Porque sí, el contrabando era un oficio que literalmente significa “ir en contra de la ley (bando)”, sin embargo, nunca se consideraron delincuentes por traficar con cosas tan banales como puntillas, nailon, rodamientos o ganado. “Eso no era pecado”, coincidían en afirmar en Sorogain José Antonio Villanueva, José Antonio Goñi y Casimiro Cerdán. Invitados por la Asociación Elutseder estos excontrabandistas narraron ante 70 personas las aventuras y penurias sufridas en secreto por los bosques oscuros del valle de Erro.

El contrabando supuso un respiro para la economía familiar en aquellos tiempos. Aunque todos trabajaban de día en las hierbas o en la trilla, cuando caía el sol se dedicaban a la clandestinidad. Tenían una especie de doble vida.
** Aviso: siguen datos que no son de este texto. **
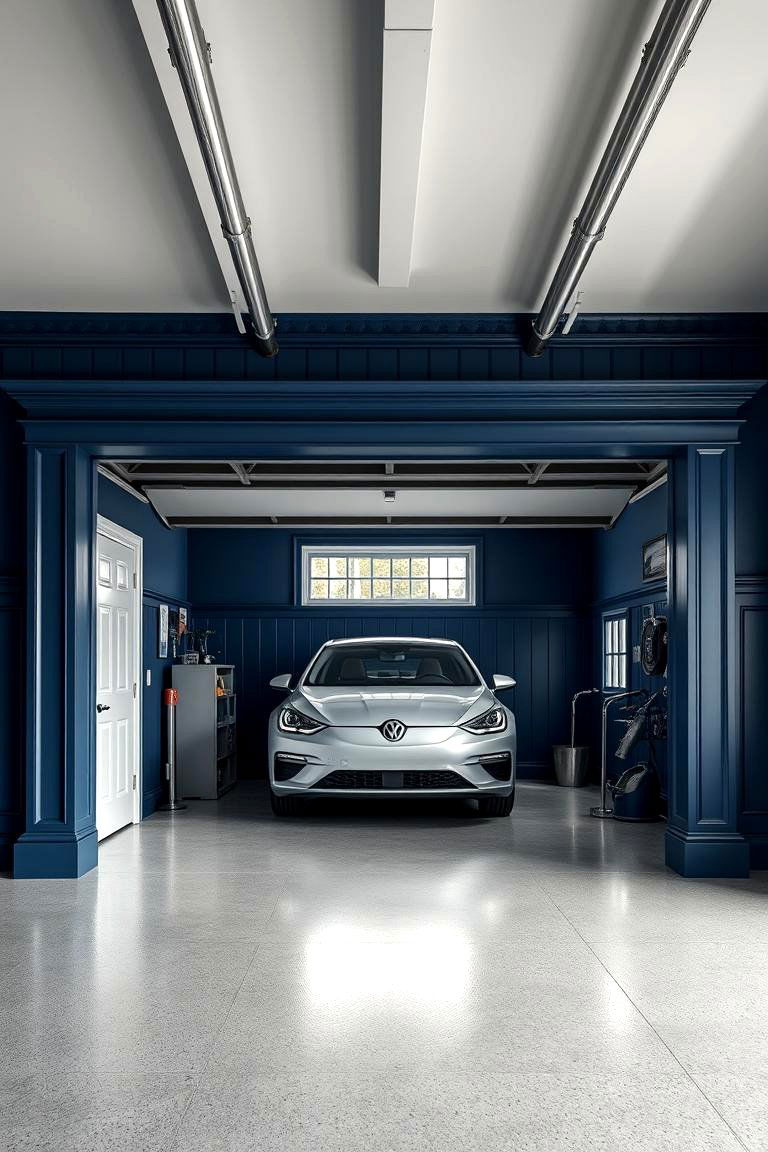 Classic Navy Blue for a Timeless Appeal - 25 Garage Wall Paint Ideas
En su primera noche, José Antonio Goñi, de Agorreta, vio aumentar mucho la cantidad de 116 pesetas que cobraba a la semana por trabajar en la fábrica de Zubiri. “Por los primeros paquetes que cogí de Zilbeti al puerto de Erro hicimos tres viajes en una noche y sacamos 900 pesetas. Mira qué diferencia”, reconocía. En sus primeros tres viajes, Casimiro Cerdán, con tan solo 18 años, también se alegró de reunir 900 pesetas para las fiestas de Erro, su pueblo. “Estábamos de trabajar hasta el gorro y no cobrábamos nada. Cuando empezamos con los paquetes, vimos por primera vez 100 pesetas juntas”, decía. Y es que se llegó a ganar mucho dinero en la frontera navarra, no para lujos excesivos pero sí para subsistir. Aunque llegaron a ver mercancías de todo tipo como sacarina, café, cobre, cañas de pescar e incluso paquetes de preservativos, lo que más transportaban eran puntillas y nailon, que tenían Barcelona como destino.